How corn became the cornerstone of our food chain, in a nutshell


Cattlemen found that corn, being such a dense source of calories, produced meat more quickly than grass; it also produced a more reliably consistent product, eliminating the seasonal and regional differences you often find in grass-finished beef. Over time, the knowledge that went into growing grass good enough to finish cattle all the year round gradually was lost.

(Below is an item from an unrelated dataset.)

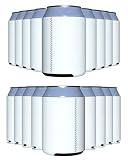 PartyPrints 25 Pack White Blank Neoprene Can Cooler Sleeves, Customizable Bulk Sublimation Neoprene Drink Sleeve, Extra-Thick Collapsible Drink Insulator, Beer Can Coolers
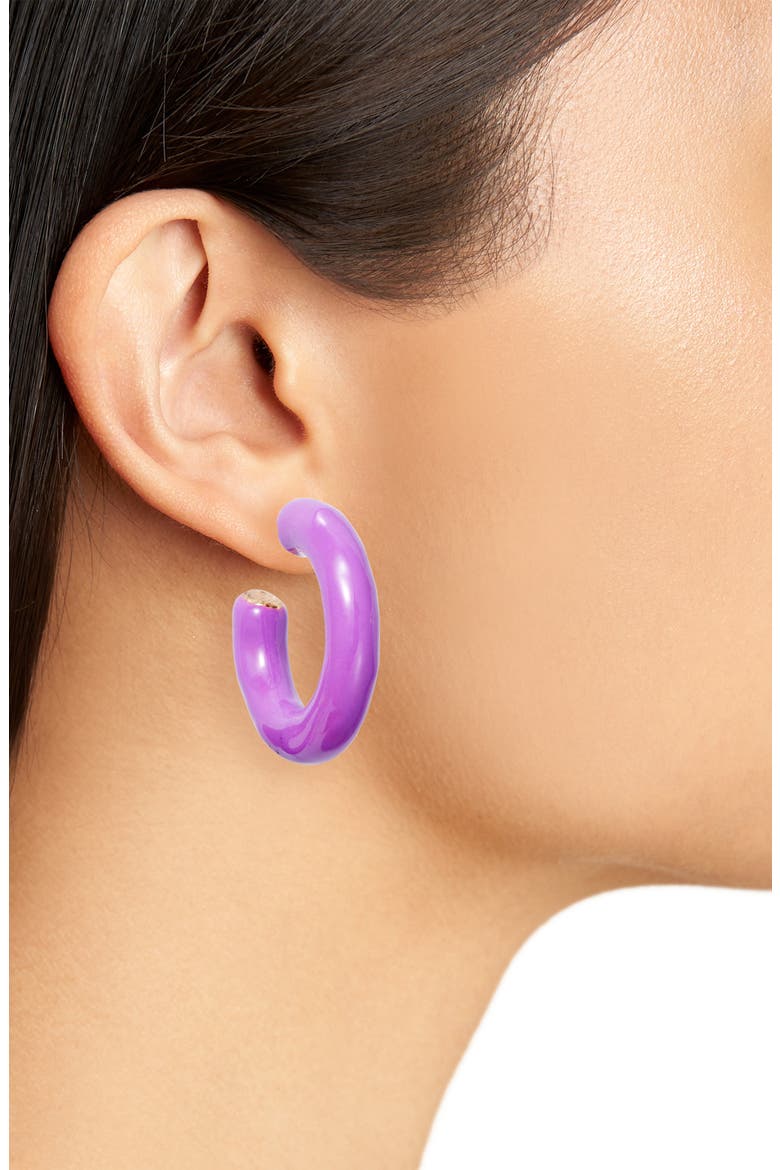 Large Enamel Tube Hoop Earrings, Alternate, color, PURPLE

Along the way corn kept getting more plentiful and ever cheaper. When the farmer found that he could buy corn more cheaply than he could ever hope to grow it, it no longer made economic sense to feed animals on the farm, so they moved into CAFOs (Concentrated Animal Feeding Operations, aka factory farms). The farmer who then plowed up his pastures to grow corn to market found he could take off to Florida in the winter, not work so hard. To help dispose of the rising mountain of cheap corn farmers were now producing, the government did everything it could to help wean cattle off grass and onto corn, by subsidizing the building of feedlots (through tax breaks) and promoting a grading system based on marbling that favored corn-fed over grass-fed beef. (The government also exempted CAFOs from most clean air and clean water laws.) In time the cattle themselves changed, as the industry selected for animals that did well on corn; these animals, generally much bigger, had trouble getting all the energy they needed from grass. In dairy, farmers moved to superproductive breeds like the Holstein, whose energy requirements were so great they could barely survive on a diet of grass.

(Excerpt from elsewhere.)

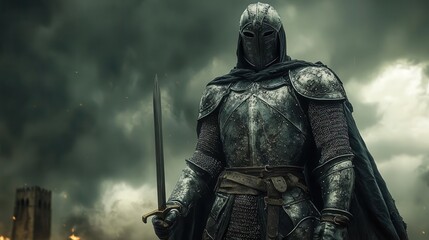 majestic knight in gleaming silver armor sword raised triumphantly against a dramatic stormy sky embodying courage and chivalry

So feeding ruminants corn came to make a certain economic sense— I say “certain” because that statement depends on the particular method of accounting our economy applies to such questions, one that tends to hide the high cost of cheap food produced from corn. The ninety-ninecent price of a fast-food hamburger simply doesn’t take account of that meal’s true cost—to soil, oil, public health, the public purse, etc., costs which are never charged directly to the consumer but, indirectly and invisibly, to the taxpayer (in the form of subsidies), the health care system (in the form of food-borne illnesses and obesity), and the environment (in the form of pollution), not to mention the welfare of the workers in the feedlot and the slaughterhouse and the welfare of the animals themselves. If not for this sort of blind-man’s accounting, grass would make a lot more sense than it now does.